Sure, but it won't be the same as the detergent you are used to


----------



## Madfarmer (Mar 22, 2008)

Liquid soaps use different lye--Potassium Hydroxide rather than Sodium Hydroxide. I think there's a recipe at dairygoatinfo.com

Madfarmer


----------



## Vintageliving (Oct 11, 2009)

I make liquid soap using bar soap. I melt the bar soap in a mixture of water and pectin. I got the recipe from the soapmakingforum.

Weights for recipe:
5 ozs. of bar soap
1/2 tsp. pectin (I use the Sure Jell Premium.)
30 ozs. distilled water.

Put soap pieces, pectin and water in enamel or stainless steel pan. Heat on low-medium heat. Stir very gently with wooden spoon (you don't want foam or bubbles). It'll thicken at different speeds, depending on what your bar soap is made from. I like low heat and slower thickening time.

I've added glycerin and jojoba oil to mine to make shampoo.
For dishwashing liquid, I added a few drops of tea tree oil.

The dishwashing soap I made this morning thickened in three hours. I poured it into a sterilized peanut butter jar. Put in the tea tree oil, stirred, and am letting it cool.

I dilute it for use.

It's an easy recipe.


----------



## pafish6 (Sep 18, 2009)

the bar soap, do you mean like Ivory (bath soap) or would Felz Naptha be ok? where do you get tea tree oil? is it for degreasing? I can't wait to try this!


----------



## Up North (Nov 29, 2005)

I've been wanting to make some liquid dish soap with orange EO in it. This may sound goofy but I ran out of commercial liquid dish soap 2 weeks ago and I have just been using bar soap to wash up the dishes. Now mind you, I have a dishwasher for most of the dishes but I always like to do the pots and pans by hand. I have a scrubby sponge that I use. I just rub the bar of soap on it and wash. I haven't noticed it any harder to get my dishes clean or any harder to cut grease.


----------



## NostalgicGranny (Aug 22, 2007)

pafish6 said:


> the bar soap, do you mean like Ivory (bath soap) or would Felz Naptha be ok? where do you get tea tree oil? is it for degreasing? I can't wait to try this!
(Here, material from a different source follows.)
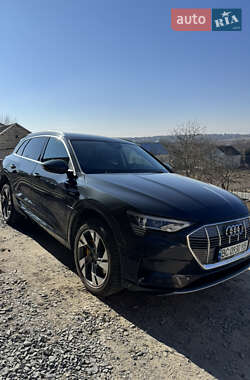 Внедорожник / Кроссовер Audi e-tron 2019 в 
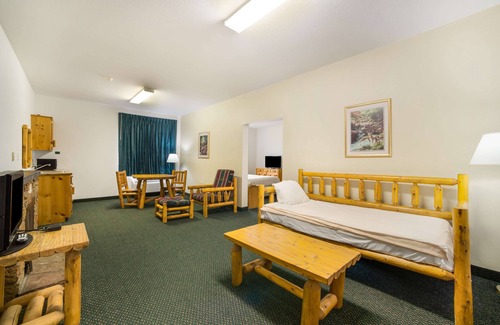 New Florence Hotel | Knights Inn New Florence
Wally World has it in the vitamin section.


----------



## Vintageliving (Oct 11, 2009)

pafish6 said:


> the bar soap, do you mean like Ivory (bath soap) or would Felz Naptha be ok? where do you get tea tree oil? is it for degreasing? I can't wait to try this!


I apologize for being so slow in answering.

The bar soap is one I made. No superfatting. I usually use lard as it costs less than other fats/oils. One could use shortening or coconut oil.

The tea tree oil is from a health food store. Sometimes I use it in the soap, sometimes I don't.


----------